Image Simulation and Surface Reconstruction of Undercut Features in Atomic Force Microscopy

Xiaoping Qian1, John Villarrubia2, Fenglei Tian1, Ronald Dixson2

1 Mechanical and Aerospace Engineering, Illinois Institute of Technology, Chicago, IL 60613 2 National Institute of Standards and Technology, Gaithersburg, MD 20899*

ABSTRACT CD-AFMs (critical dimension atomic force microscopes) are instruments with servo-control of the tip in more than one direction. With appropriately “boot-shaped” or flared tips, such instruments can image vertical or even undercut features. As with any AFM, the image is a dilation of the sample shape with the tip shape. Accurate extraction of the CD requires a correction for the tip effect. Analytical methods to correct images for the tip shape have been available for some time for the traditional (vertical feedback only) AFMs, but were until recently unavailable for instruments with multi-dimensional feedback. Dahlen et al. [J. Vac. Sci. Technol. B23, pp. 2297-2303, (2005)] recently introduced a swept-volume approach, implemented for 2-dimensional (2D) feedback. It permits image simulation and sample reconstruction, techniques previously developed for the traditional instruments, to be extended for the newer tools. We have introduced [X. Qian and J. S. Villarrubia, Ultramicroscopy, in press] an alternative dexel-based method, that does the same in either 2D or 3D. This paper describes the application of this method to sample shapes of interest in semiconductor manufacturing. When the tip shape is known (e.g., by prior measurement using a tip characterizer) a 3D sample surface may be reconstructed from its 3D image. Basing the CD measurement upon such a reconstruction is shown here to remove some measurement artifacts that are not removed (or are incompletely removed) by the existing measurement procedures.

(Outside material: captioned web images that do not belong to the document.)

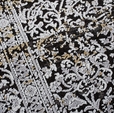 Купить Ковёр Zynet 160 x 230 2458B_A4584 Yellow/Black в Rafi Decor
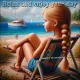 Blonde girl on beach 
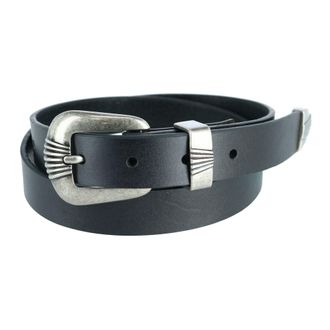 Wrangler Womens 3 Piece Belt with Veg Tanned Leather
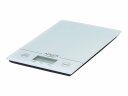 Kitchen scale with glass housing large LCD display and maximum load 5kg White AD3138w Adler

Keywords: Dilation, erosion, mathematical morphology, atomic force microscopy, scanning probe microscopy, critical dimension, image reconstruction, metrology

1. INTRODUCTION The atomic force microscope (AFM) provides an important tool for dimensional measurement of topographic features at atomic resolution. Conventional AFMs, due to their cone-like probe shape and the unidirectional feedback systems, have their images restricted to shapes (called “umbras”) characterized by a single height at each lateral position. Reentrant, or even nearly vertical, parts of specimens are not imaged accurately.

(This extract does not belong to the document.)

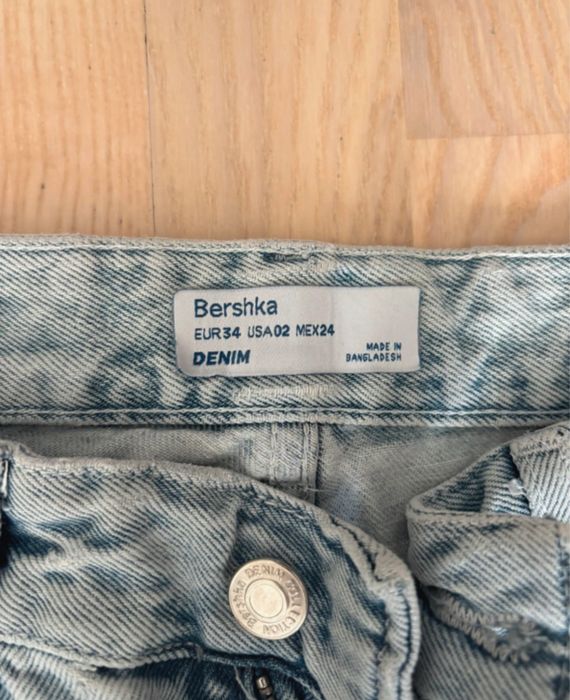 Spodnie Jeansowe Jeansy Bershka straight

For a number of years now, probes with lateral protrusions and feedback systems with bi-directional servo control have been incorporated into the newer AFM instruments. These instruments, which are capable of imaging undercut features, have found applications as reference metrology tools at SEMATECH and in a number of fabrication facilities. To take full advantage of the hardware capabilities, appropriate image analysis algorithms are required. Until recently, the state of data analysis was as follows:

• Algorithms were based on grayscale morphology with the assumption of an umbra specimen shape. That is they assumed surfaces could be represented as single-value functions. However, reentrant surfaces possess multiple z values for a given (x,y) coordinate and thus cannot be represented by such functions.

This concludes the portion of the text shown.